Given data:
· · ·

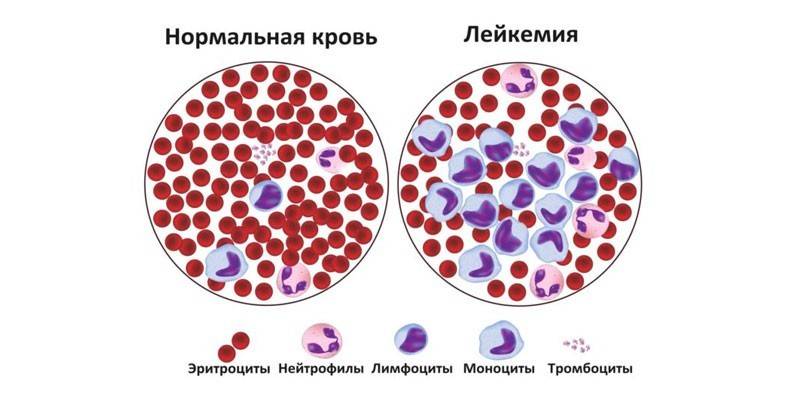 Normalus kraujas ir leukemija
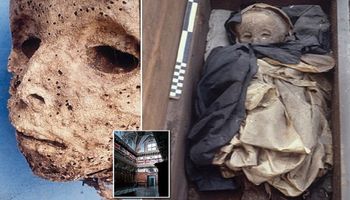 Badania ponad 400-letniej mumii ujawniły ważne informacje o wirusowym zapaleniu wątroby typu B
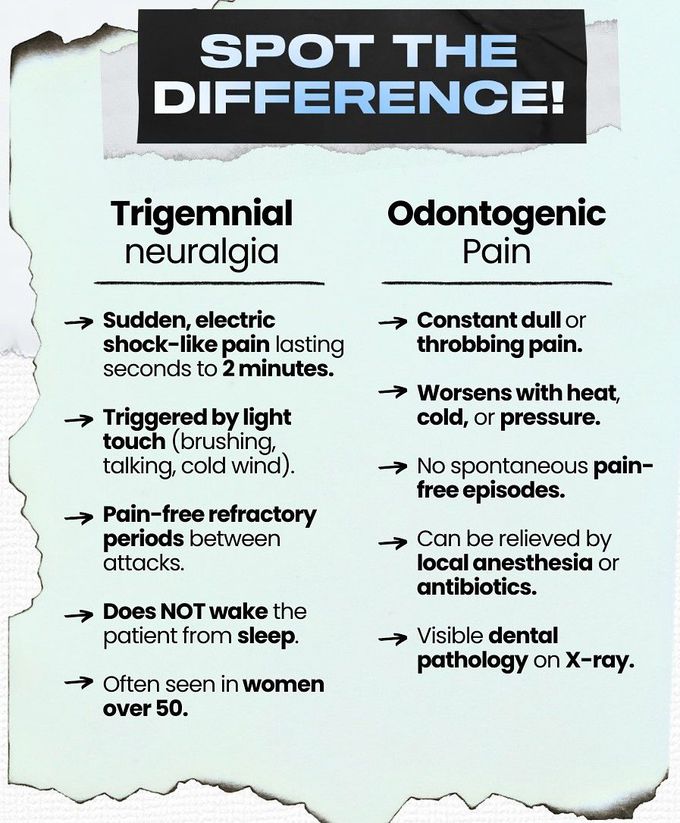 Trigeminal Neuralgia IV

· · ·

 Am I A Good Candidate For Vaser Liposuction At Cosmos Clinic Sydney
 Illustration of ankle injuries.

· · ·

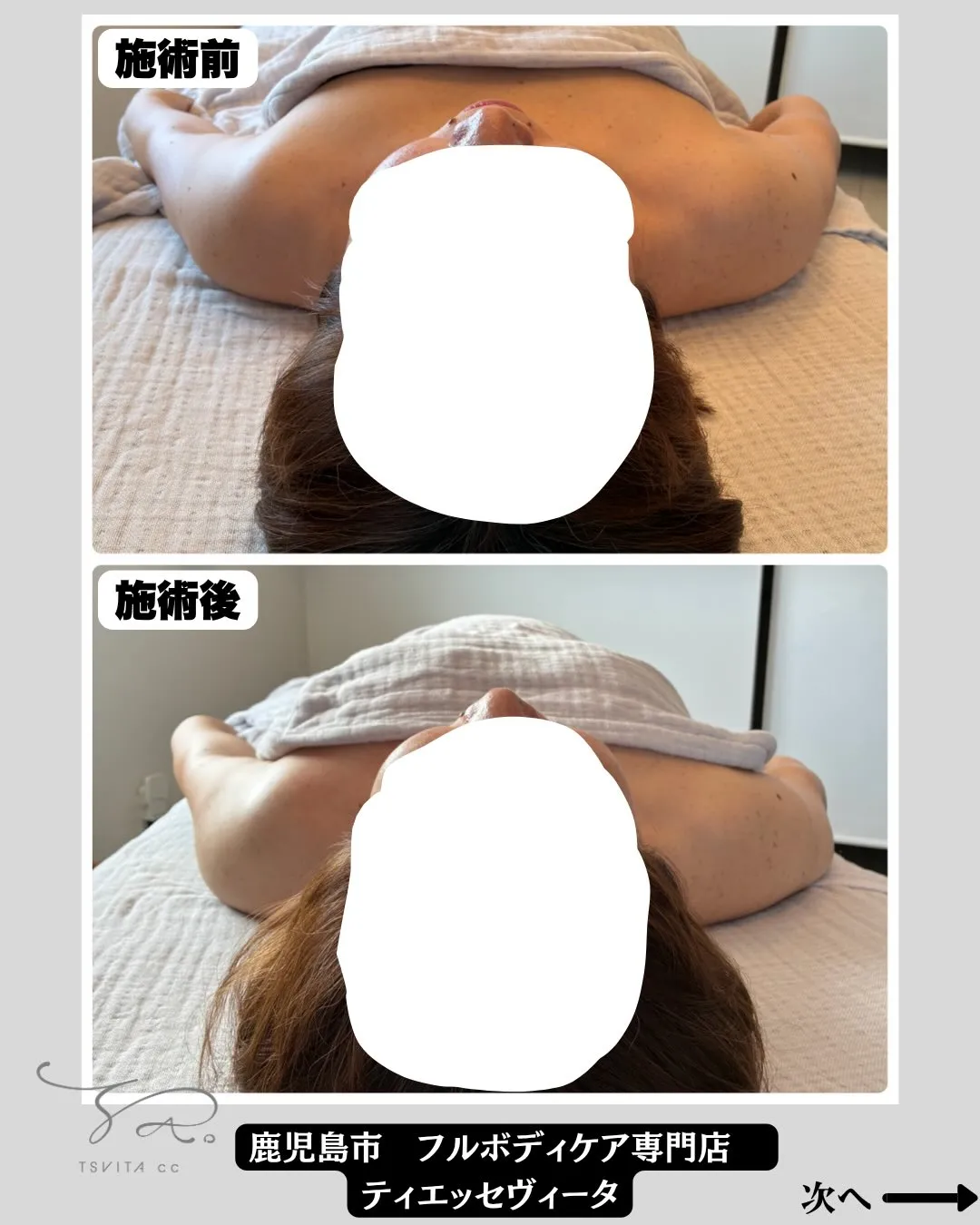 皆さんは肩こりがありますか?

· · ·

Aim of the exercise: Repeat the lines above exactly, beginning with the one containing "Normalus kraujas ir leukemija" and finishing with the one containing "Trigeminal Neuralgia IV". No pictures belong in the copy.

Written response:
 Normalus kraujas ir leukemija
 Badania ponad 400-letniej mumii ujawniły ważne informacje o wirusowym zapaleniu wątroby typu B
 Trigeminal Neuralgia IV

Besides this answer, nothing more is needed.